Perché Gesù ha posto in chiara e precisa relazione il ministero apostolico con l’effusione della carità. Un amore che nel sacerdote in un modo tutto speciale deve diventare totalità, ricerca dell’assoluto evangelico. L’assoluto evangelico che egli è chiamato a vivere – la povertà, la castità e l’obbedienza ecclesiale – non è determinato da una legge estrinseca soltanto, è una esigenza dell’appello di Dio, è un dono del suo amore che è immenso in noi e ci chiede soltanto un’umile, costante, dinamica fedeltà. Sicché il nostro sacerdozio non può essere visto semplicemente come qualcosa che una volta nato rimane fermo e immobile e incancellabile in noi, ma va visto più ancora come un continuo crescere in questa realtà sacerdotale che una volta che ci ha afferrati nell’amore di Cristo ci deve condurre alla sequela generosa, in una scelta di una totalità piena e completa che sia servizio e amore di lui, manifestato e completato nel servizio e nell’amore degli altri.

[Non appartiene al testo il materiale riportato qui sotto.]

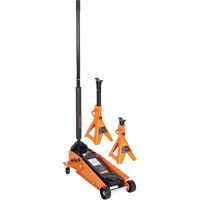 Service Jack with 4-Ton Vehicle Stands, 3.5 Ton(s) Capacity, 5-1/8" Lowered, 21" Raised, Manual Hydraulic SPOC Demo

Mistero di trepidante povertà il tuo, caro Simone, e il mio, che ho il peso formidabile di comunicarti il dono del Signore. Mistero di ricchezza per questa Chiesa di Spoleto-Norcia che ti accoglie oggi nel suo Presbiterio. Mistero di ricchezza per la tua anima che ormai dovrà essere tutta tesa, tutta carica dell’amore di Dio che diventa amore dei fratelli. Mistero dunque di carità. E soltanto nella misura in cui saprai essere fedele a questa carità, che è amore di Cristo e si traduce nell’amore di comunione con la Chiesa tutta – dal Vescovo al Presbiterio al popolo di Dio – tu sarai fedele, umilmente ma gioiosamente e costantemente, al mistero di povertà, di ricchezza e di amore che ora si compie dentro di te.

Prima dunque di procedere all’imposizione delle mani, caro Simone, il Vescovo ti rivolge in suo nome la domanda che Cristo ha posto a Pietro: «Mi ami tu?» (cf Gv 21, 15-17). Nascano dalla tua risposta – che ora Gesù sacerdote pone nel tuo essere e nella tua anima che esulta in una realtà di mistero – la povertà, la ricchezza e l’amore che faranno di te il suo sacramento vivente per la consolazione della Chiesa e la salvezza dei fratelli.